If the HM-2 isn't heavy enough add a Metal Zone!



Edit: I love AtG, but this is one of the most horrific, vile guitar tones ever recorded IMHO and absolutely perfect for the material.


----------



## AdamMaz (Aug 10, 2013)

The original recording of this album is underwhelming, but has a certain charm that only works for thrash of that era. Thankfully for Thrash Anthems.


----------



## that short guy (Aug 10, 2013)

NickS said:


> After the Burial. I love their stuff, but like the thread topic says, the tone could be a whole lot better


 

The best part about this is I think they have great tone


----------



## WhiteWalls (Aug 10, 2013)

After the burial's guitar tone by itself is not bad in my opinion (at least in Rareform, I like it less after that), but the octave-lower bass ruins it. When they play the lowest notes all you can hear is a messy rumble that takes away punch and definition, they should just do it like Meshuggah and have the bass in the same octave for the lowest parts.


----------



## lucasreis (Aug 10, 2013)

Red Hot Chilli Peppers - Can't Stop

One of the worst clean guitar tones I have ever heard, but somehow I really enjoy listening to this. I remember I cringed when I first heard it, and it's a song from RHCP worst phase, but I still find it enjoyable (maybe it's also because I love Flea's bass so I tolerate it, lol). But seriously, WTH was Frusciante thinking with this tone lol


----------



## Vhyle (Aug 10, 2013)

Nile, especially the earlier stuff. Such fat, drenched, nasty tone. But when paired with George's machine gun feet, it ....ing slayed. Faces melt.

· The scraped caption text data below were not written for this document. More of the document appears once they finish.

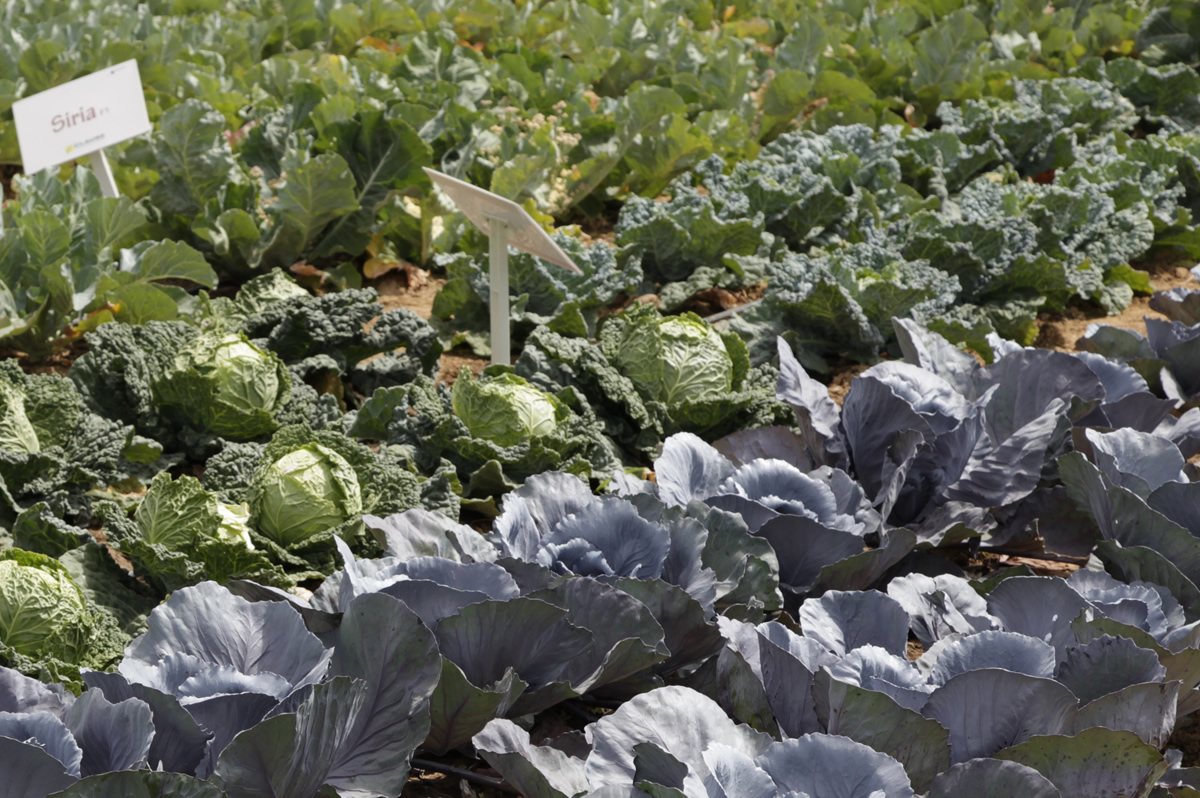 Différentes variétés de choux potagers © Gnis-Sidney Kapuskar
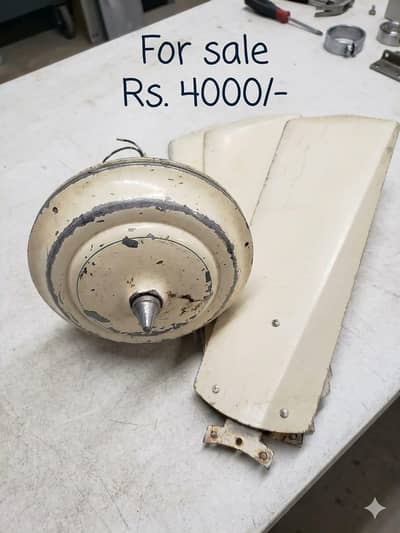 celling fans for sale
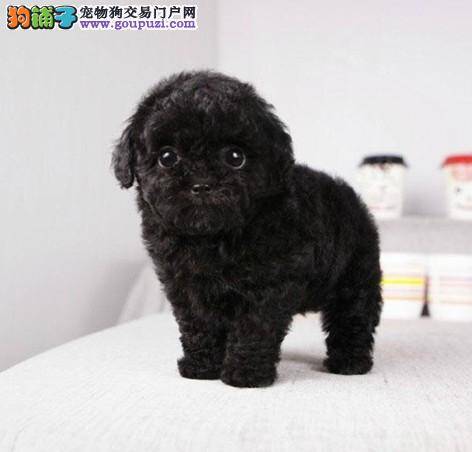 科学喂养 合理搭配泰迪犬的干湿粮
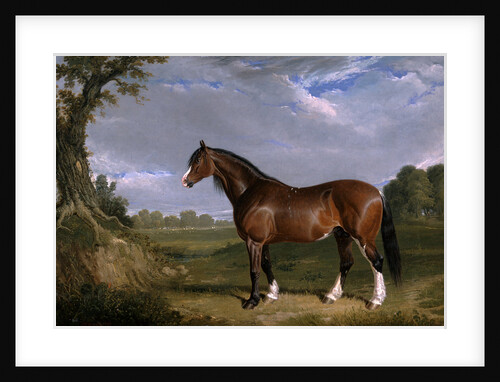 A Clydesdale Stallion by John Frederick Herring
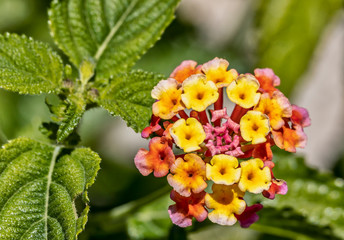 Pink and Yellow Flowers Macro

Bolt Thrower's tone fits right into this category. But they play such awesome riffs, they make up for it. 

A lot of Cannibal Corpse, as mentioned before.


1349, of course. You come to expect such tone from black metal. But they make it work. Their tones often sound like as if Satan himself has emerged from their speaker cabs, with a battalion of imps following behind.


Keep of Kalessin's Agnen album. Insane, shrieking treble madness. Again, common for black metal. But the riffs on this album are so fierce, it works quite well.


----------



## lucasreis (Aug 10, 2013)

WhiteWalls said:


> Entombed's tone is pretty much the heaviest thing ever recorded. Screw Axe-fxs, 5150s and noise gates, just jam a boss hm2 in front of a random solid state amp if you want something truly cruel and punishing.



I agree, it sounds vile, disgusting and truly ....ing awesome!!


----------



## lukeshallperish (Aug 10, 2013)

The first Veil of Maya album All Things Set Aside has maybe the worst tone I've ever heard. Paired with the equally awful drums, it all sounds so terrible. WHY DO I LOVE IT THEN?


----------



## coffinwisdom (Aug 10, 2013)

Sounds like a dragon breathing fire


----------



## teamSKDM (Aug 10, 2013)

Protest the hero's kezia album. tone was meh, even the playing had some slightly sloppy moments it felt, But man is that a ....ing mouthful of an album. Lyrical genius, musically genius as well. But man, the guitar tone sucked haha. Another is devin townsend, His tone could use some work, but man devin is god. TYDT


----------



## Kaickul (Aug 10, 2013)




----------



## Crabface (Aug 10, 2013)

lucasreis said:


> Red Hot Chilli Peppers - Can't Stop
> 
> One of the worst clean guitar tones I have ever heard, but somehow I really enjoy listening to this. I remember I cringed when I first heard it, and it's a song from RHCP worst phase, but I still find it enjoyable (maybe it's also because I love Flea's bass so I tolerate it, lol). But seriously, WTH was Frusciante thinking with this tone lol




I've got to totally disagree here. I love this tone. It's not meant to be a "clean" tone. It's meant to be aggressive, percussive and funky whilst _technically_ still being clean. It fits the song perfectly, too.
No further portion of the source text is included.